The great thing about architectural solutions to increasing throughput is that they offer big improvements. Multiple CPUs on a chip with (partially) shared cache hierarchies are now commonplace in server processors for this reason. But that big gain comes with significant added complexity in verifying correct behavior. In a shared memory model, the value stored in a logical memory address appears not only in main (DRAM) memory but also potentially in multiple on-chip caches and even possibly in buffers in the coherency fabric. Which raises a consistency issue – for a given logical memory address these should all contain the same value under all circumstances, but do they? Breker attacks this coherency verification problem through their test synthesis technology, looking at full system coherency in heterogenous systems.
The challenges in coherency
The logical memory view can become inconsistent when two or more processors are working with their own local copy of a value at a shared address and one updates its local value, unknown to the other. Chaos ensues as CPUs each work with their own view of reality. The coherent fabric itself has structure supporting data in-flight, such as write-back buffers. Coherency verification must also deal with these. And then of course peripherals can write directly to main memory through DMA, unknown to internal caches.

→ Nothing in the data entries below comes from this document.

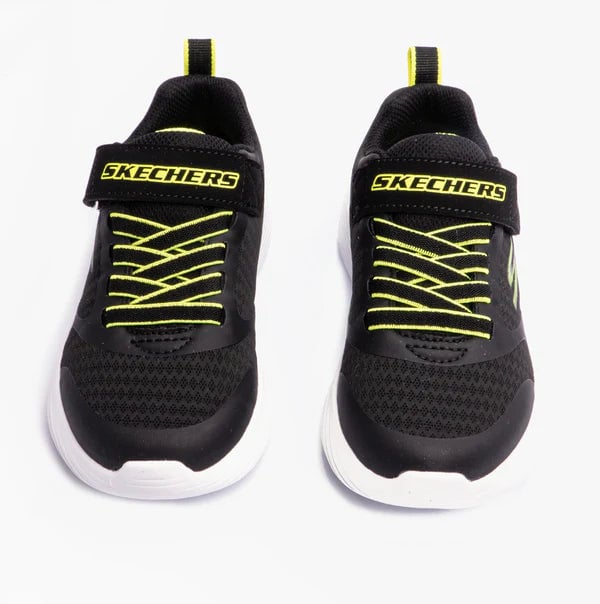 ZAPATILLAS SKECHERS GO RUN 400 INFANTIL 405095L-BKYL - 4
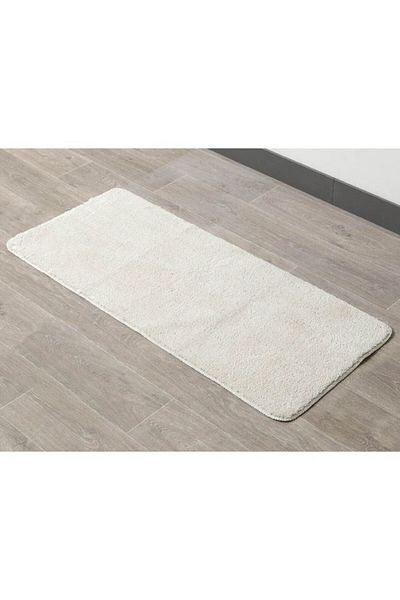 Tendance Double Sink Anti-Slip Microfiber Bathroom Mat 50 x 120cm
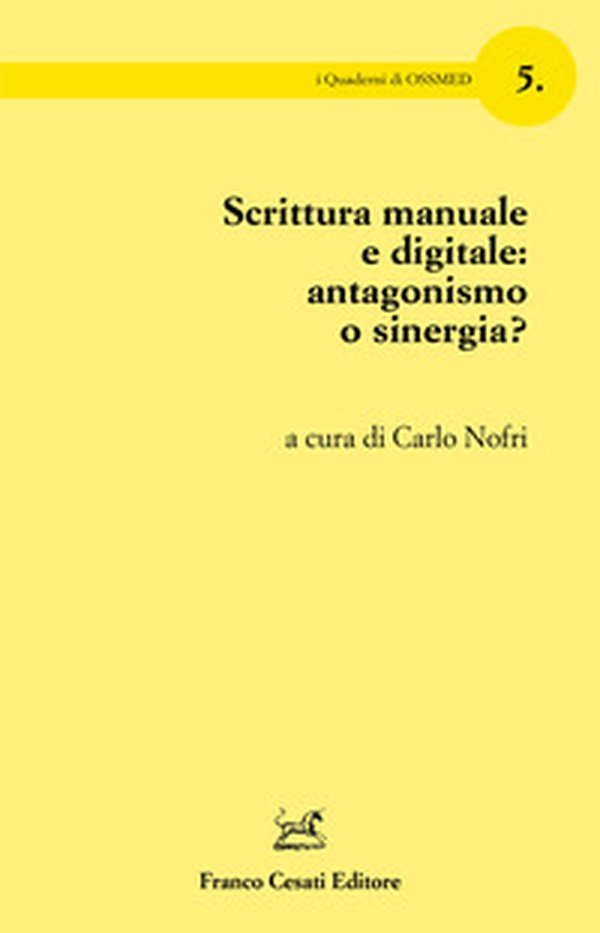 Scrittura manuale e digitale: antagonismo o sinergia? - Librerie.coop Scrittura manuale e digitale: antagonismo o sinergia? - Librerie.coop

Clearly some mechanism is needed to keep shared values in sync when required. But it must be light-handed. Synchronization comes with a latency penalty which can significantly reduce the performance advantage of caching, unless used only when absolutely needed. The latency problem is compounded further when you consider shared memory multi-socket processor boards interconnected via CXL. Adding more complexity to solutions.

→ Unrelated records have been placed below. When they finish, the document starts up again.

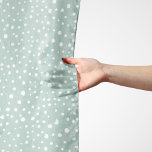 Mint Green Dalmatian Spots, Dalmatiaanse Stippen,  Sjaal<br><div class="desc">Cute,  leuke en schattige dalmatische vlekjes in munt-groene en witte kleur. Moderne en trendy gave,  perfect voor dalmatische minnaar in je leven.</div>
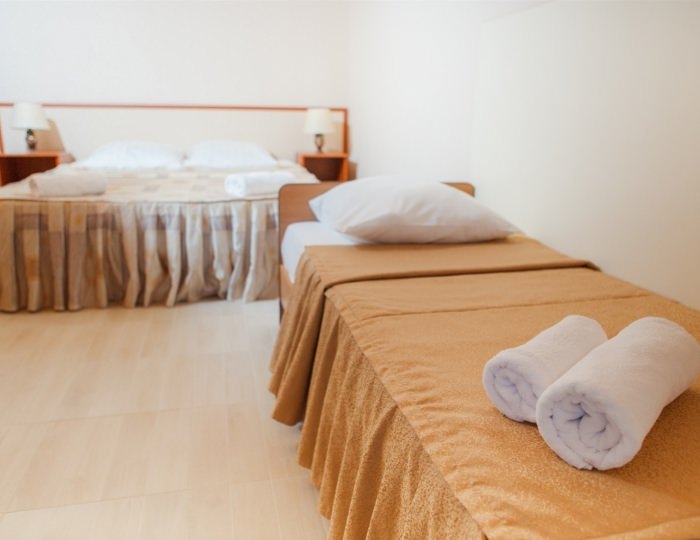 Двухкомнатный стандарт с кухней - Гостевой дом «Экодом Фэмили»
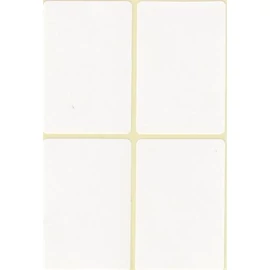 Etikett, 38x56 mm, 60 etikett/csomag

Clever techniques are used to spy on cache contents and changes, to determine when a synchronization update is necessary. These include snooping and directory-based coherency systems, which tag cache addresses (more exactly cache lines) as being clean (coherent) or invalid, with a variety of refinements. These methods must walk a fine line between minimizing net performance impact while ensuring no possible escapes. Escapes being possible cases in which a non-coherent condition can survive.
The Breker System Coherency TrekApp
To check that the design does not cross that fine line, verification engineers must independently construct tests which they believe will cover all possible cases. Cache, fabric and IO coherence across all control variations (power, interrupt, clocking, etc) through which the design might cycle. That’s where the Breker Trek System Coherency app comes in.

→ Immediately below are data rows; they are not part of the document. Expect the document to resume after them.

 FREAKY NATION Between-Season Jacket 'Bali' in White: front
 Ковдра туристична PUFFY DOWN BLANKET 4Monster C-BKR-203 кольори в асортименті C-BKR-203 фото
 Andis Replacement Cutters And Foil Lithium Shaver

Adnan Hamid, founder of Breker, started many years ago in coherency verification at AMD. The ideas he developed there around cache coherence verification and system verification methods in general he built into Breker. The coherence solution expanded over time to also include fabric and IO coherence and interaction with power switching, etc. After proving this capability out with a few lead customers, Breker announced the product at the recent DAC 2021 in San Francisco.
Adnan offers an insight: to know how to achieve meaningful coherence verification, you first must know how to measure coverage. As with any system-level coverage objective, RTL coverage metrics aren’t helpful. More useful is coverage first of the coherency manager state machine per cache, with variants in cache values and address stride, then a similar coverage for cross-cache interactions, then coverage across a synthetic set of software-based torture tests, crossed with power and other transitions, running on an emulator. The System Coherency TrekApp supports all of this.
What about escapes?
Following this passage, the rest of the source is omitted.